Again, on the surface, this is not a wholly unreasonable take, but to hold this very rigid way of thinking without considering the circumstances of why the shooting happened in the first place is shortsighted and ultimately dangerous. The triumph of the film is showing this in subtle takes as we see Ruth trying to avoid succumbing to these obstacles. 

The downfall of the film comes in expecting the audience to waive all the ways Ruth’s inaction and poor communication led directly to her being treated terribly. I wondered for a moment if Ruth accepting all of the vitriol thrown at her is a form of self-flagellation, but the truth of the matter is that it’s hard to root for someone who feels entitled to something but won’t explain why her actions don’t match her desires. 
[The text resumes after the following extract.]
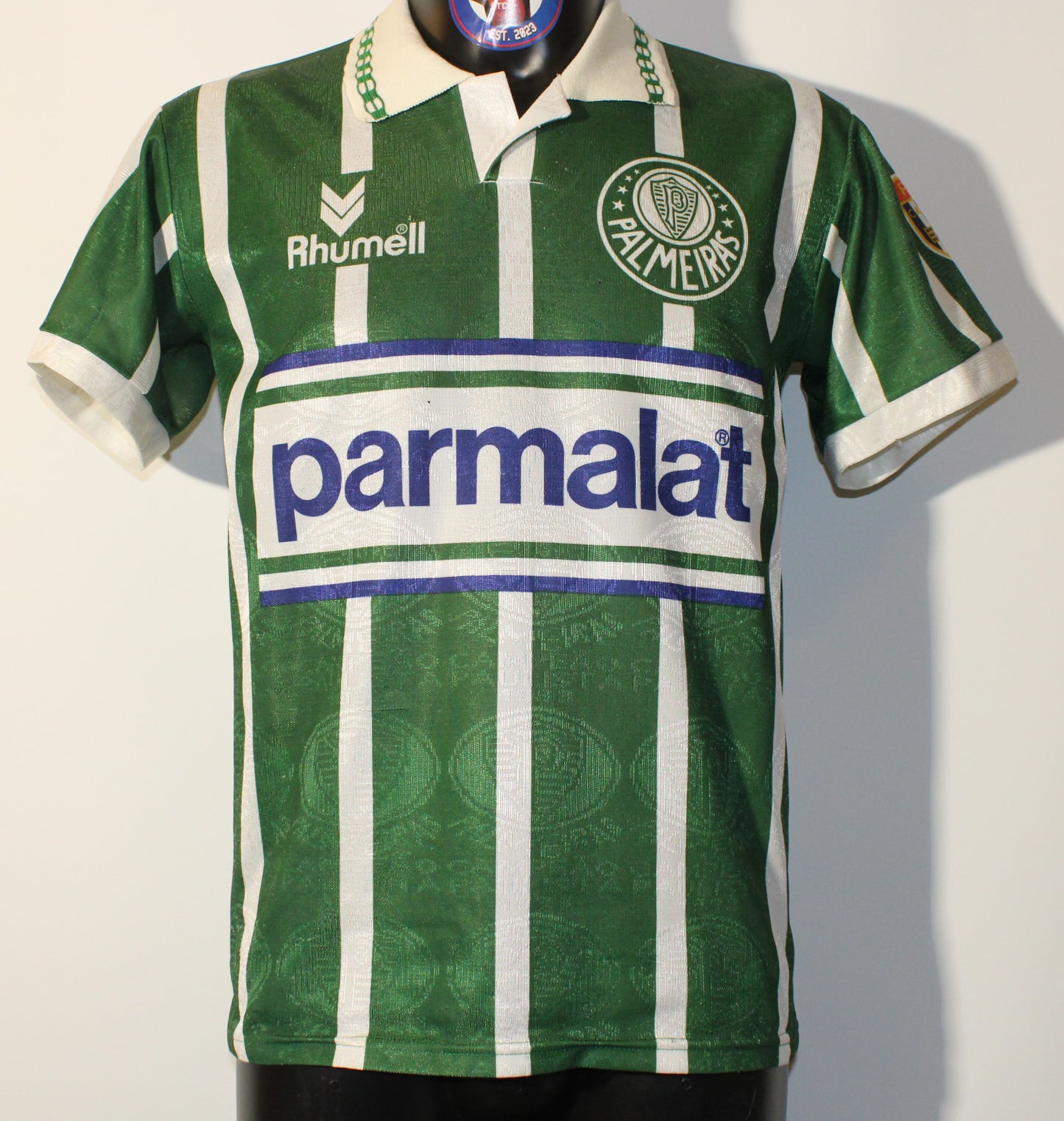 Palmeiras - 1994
Ruth goes from just wanting to know if Katie is okay to insisting that she be able to see her and accusing the Malcolms of being deceptive. But all the while, she’s holding information inside that would at the very least give her more of a leg to stand on. While this may be a subconscious ploy for the audience to explore their own biases, it doesn’t serve the film as well as it should. 

The cinematography of the film is beautiful, and the performances by all are grounded and well done. Sandra Bullock in drama mode is sometimes very hit or miss. She’s an exceptional actor, but there’s a difference between when she goes into drama mode naturally, like in A Time to Kill, and when it appears more forced and intentional, like Crash. She plays Ruth with a heady and frighteningly accurate mixture of stupidity and pride. She shows Ruth both as a gun-toting member of the Trump demographic and a woman scorned by the very system that was never going to protect her in the first place. 

While there are many exceptional elements to the film, in my opinion, they are undone nearly two hours into this slow-paced film. I can’t say that I recommend it, though it’s not at its heart a bad film. If you’re in the mood for solid performances despite a shaky narrative, this may be a welcome entry. 

The Unforgivable is currently airing on Netflix.